16/08/2008

Après 12 ans de vie commune, au revoir Bouygues ! (Et bonjour Orange)

Filed under: General — XIII @ 17:19:46

En début d’après-midi, mon numéro de portable a été basculé de chez Bouygues Telecom à Orange. Pendant 8 jours, je me suis baladé avec deux portables dans les poches : mon iPhone tout neuf, avec sa carte SIM Orange et son numéro provisoire, et mon vieux téléphone avec la carte SIM BoT, sur lequel arrivaient les appels. Je vais pouvoir à nouveau n’avoir qu’un seul téléphone sur moi, ouf !

Un changement d’opérateur peut paraître anodin, mais pour moi ce n’est pas rien, pour deux raisons. La première, c’est parce que c’est la fin de près de 12 ans de fidélité à Bouygues Telecom, non stop. Depuis longtemps, je me suis intéressé à la téléphonie mobile. Quand j’étais ado, je découpais tous les articles sur le sujet, et je me rappelle bien de ceux qui présentaient les nouveaux modèles de téléphone portatifs, qui avaient le volume d’un petit jerrican, avec poignée au dessus pour transporter cet espèce de valise-téléphone, et le combiné accroché sur le dessus.

Quand j’avais une vingtaine d’années, il était impensable pour moi de prendre un téléphone mobile, vu les prix pratiqués à l’époque par SFR et France Télécom. On ne s’en rappelle pas forcément, mais il n’y avait pas de forfait, on payait à la minute, et au prix fort. Quand Bouygues est arrivé, j’étais évidemment super intéressé.

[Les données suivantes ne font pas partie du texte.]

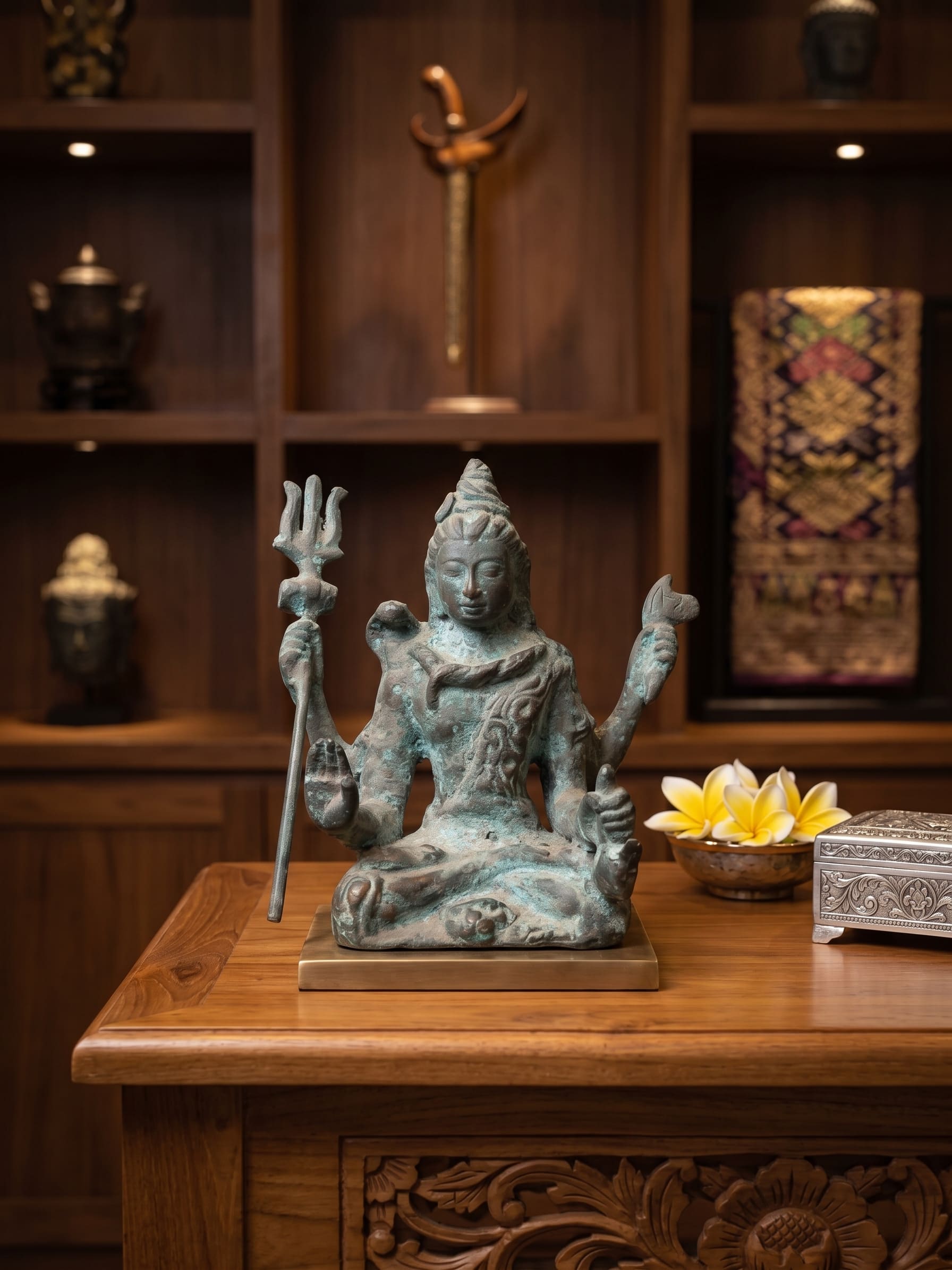 1092 Indian Shiva 15 cm TGDY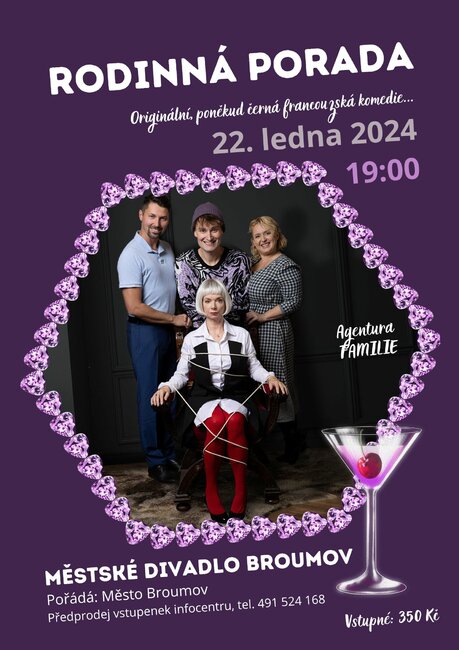 Divadlo: Rodinná porada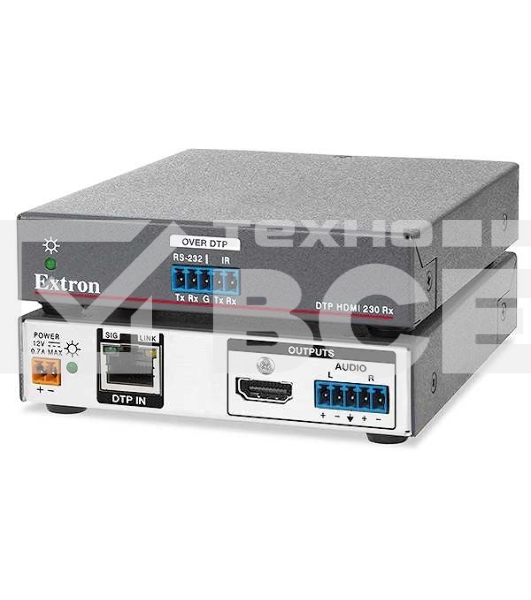 Приёмник DTP для HDMI﻿ Extron DTP HDMI 4K 230 Rx
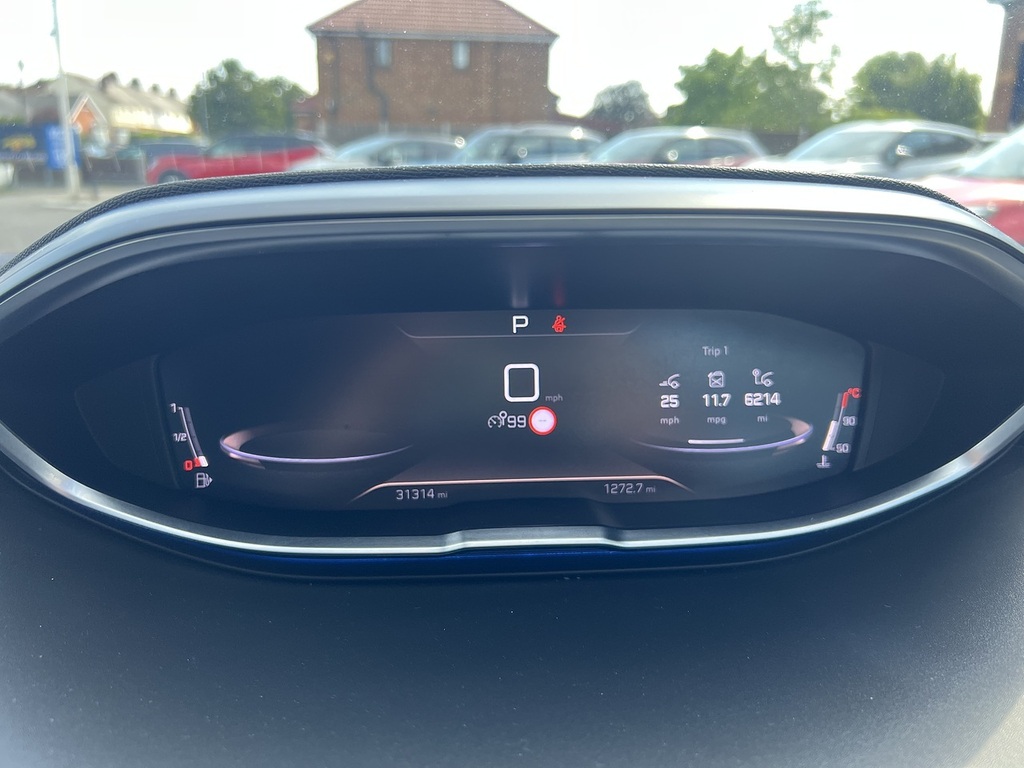 Peugeot 3008 1.2 Puretech Gt Suv Eat Euro 6 Ss 1 Grey #6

Le troisième opérateur s’est lancé en juin 1996, uniquement sur les environs immédiats de Paris. Malheureusement, de mi juin à mi-septembre, cette année là, entre la première et la deuxième année du CFJ, j’étais en stage en presse locale au havre (donc hors de la zone de couverture de Bouygues à l’époque). J’ai donc dû patienter jusqu’à fin septembre. Une fois rentré à Paris, j’ai pu m’abonner. BoT ne proposait alors que quatre téléphones différents. J’avais choisi le B400 (le plus cher, à 950 francs avec forfait), un gros Nokia que j’ai encore aujourd’hui (ci-dessous, pris en photo à côté de mon iPhone, et du petit Samsung que j’ai utilisé de 2004 à 2008.


B400 et iPhone

J’ai encore une bonne partie des documents commerciaux des premières années de Bouygues Tel. Comme le premier dépliant, daté de juin 1996, qui reprend en première page le slogan de l’époque “Téléphoner ne sera plus jamais comme avant”. BoT mettait en avant le concept de “téléphonie personnelle” et le fait que la techno DCS1800 permettait une bien meilleure réception en intérieur : “Avec Bouygues Telecom, vous pouvez téléphoner depuis l’intérieur de la plupart des bâtiments”.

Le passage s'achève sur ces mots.